One of the things we’ve touched on occasionally how Barack Obama has been unilaterally rewriting parts of the Obamacare as problems emerge. On Friday, we had the most blatant example yet:
The Obama administration, in an 11th-hour change, announced significant exemptions for people who recently lost their insurance coverage and are struggling to get a new plan — drawing immediate criticism from the insurance industry and Republican lawmakers.
Health and Human Services Secretary Kathleen Sebelius confirmed the changes, which include letting those individuals skirt the law’s individual mandate, in a letter to senators.

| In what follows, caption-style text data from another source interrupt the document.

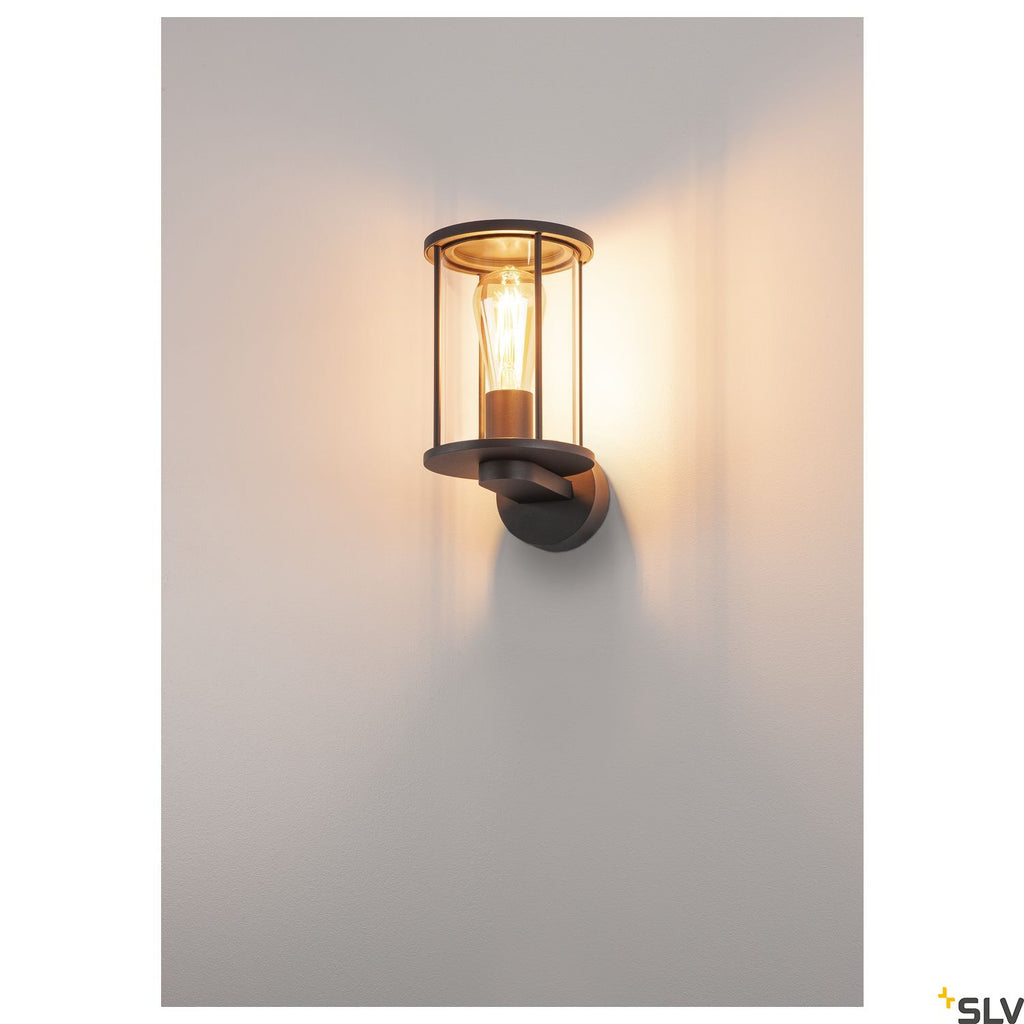 SLV PHOTONIA wall light, round, anthracite, clear glass 232045
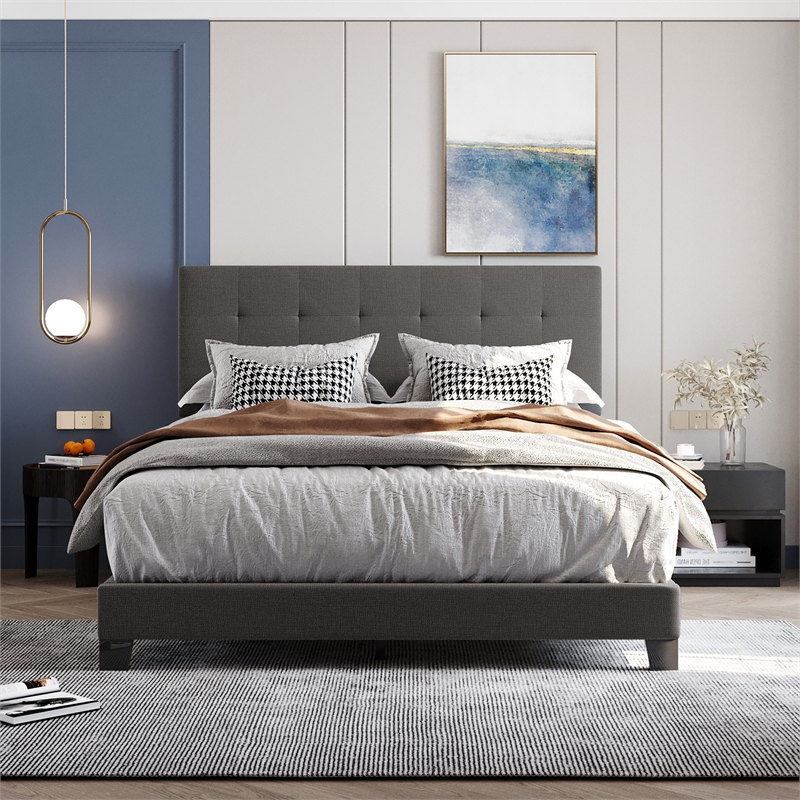 CRO Decor Upholstered Platform Bed with Tufted Headboard Gray Linen Fabric Queen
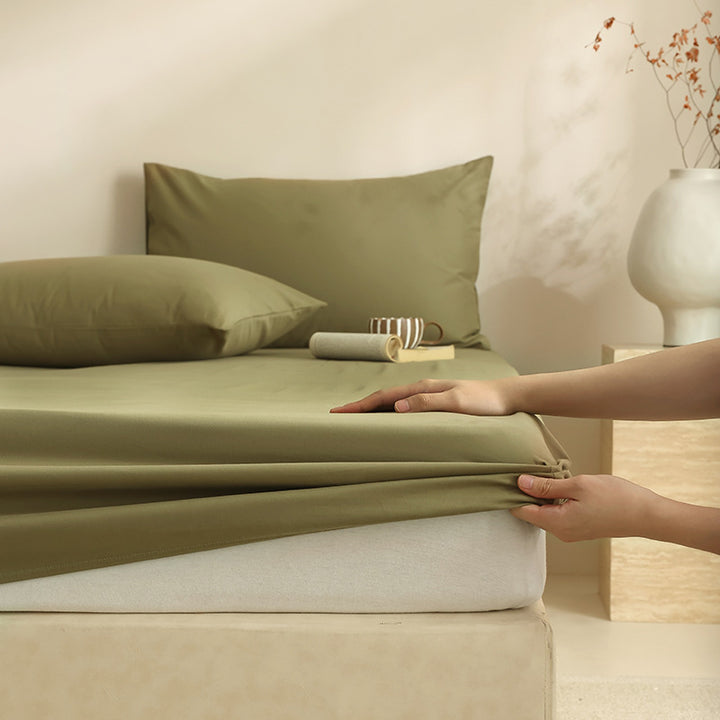 Extra deep fitted sheet with elastic all-around rubber and soft single jersey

She said she would allow people who got cancellations and could not find affordable new coverage to qualify for a “hardship exemption” in order to avoid a penalty next year for not having insurance.
Further, she announced that those individuals will be able to purchase bare-bones plans that until now were available only for people under 30.

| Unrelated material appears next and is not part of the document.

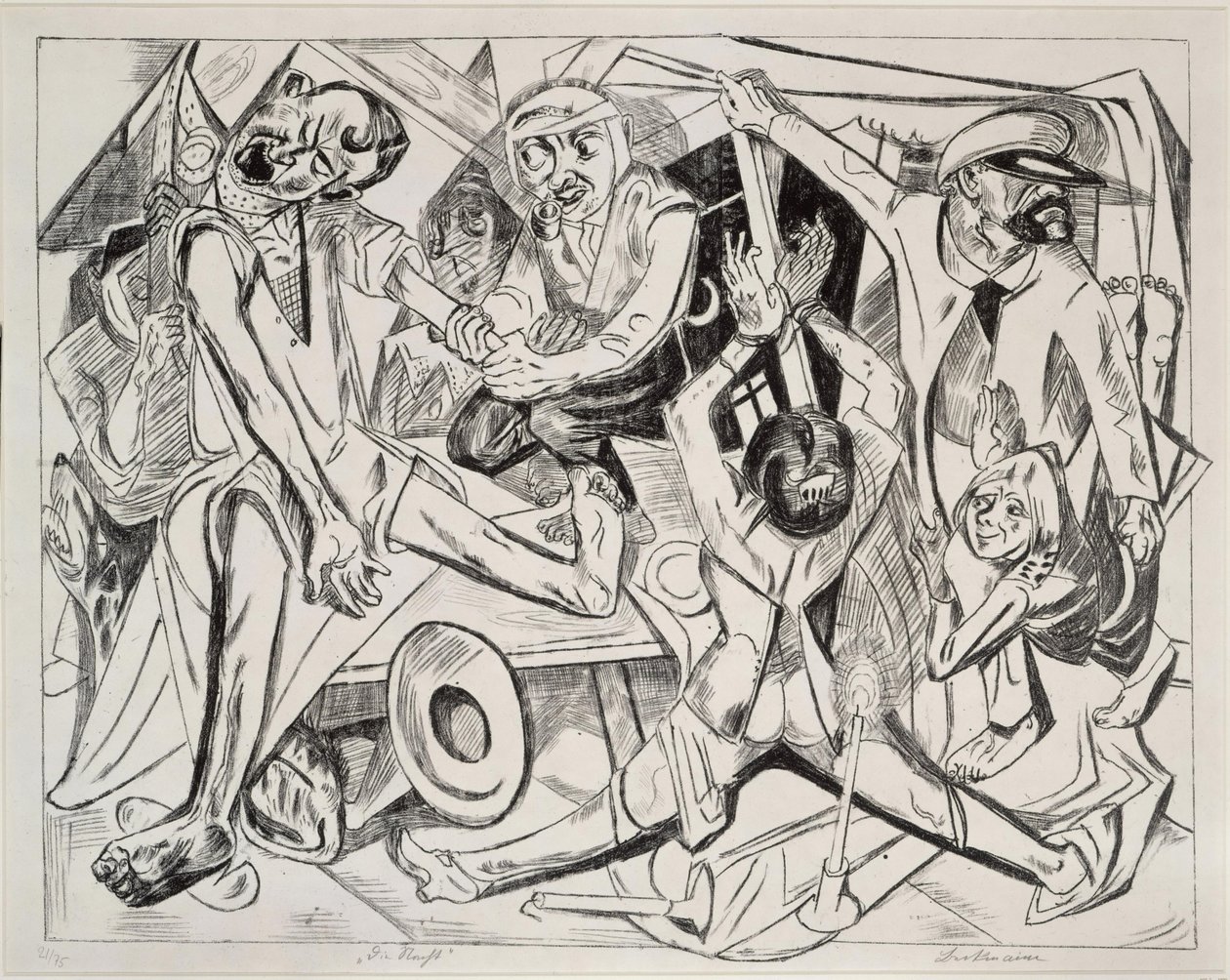 Natten (blad 7 ur: ”Helvetet”) av Max Beckmann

The law does allow the President to grant hardship exemptions from the “tax” backing up the purchase mandate. But granting a blanket exemption to an estimated five million people is beyond the scope of that (and, incidentally, moves us quite a bit closer to what the Republicans were demanding during the shutdown). It is also yet again threatening to plunge the insurance markets into chaos. The insurance companies were relying on the mandate to exist so they wouldn’t be over a barrel when it came to insuring people with pre-existing conditions. The mandate is the Ace of Hearts in the house of cards that is Obamacare.
This isn’t a game. This is people’s insurance and the survival of the individual insurance market. The time to make an exemption was months ago (you know, when the Administration was informed that the exchanges weren’t anywhere close to working). They are trying to rewrite the law to accommodate their own incompetence.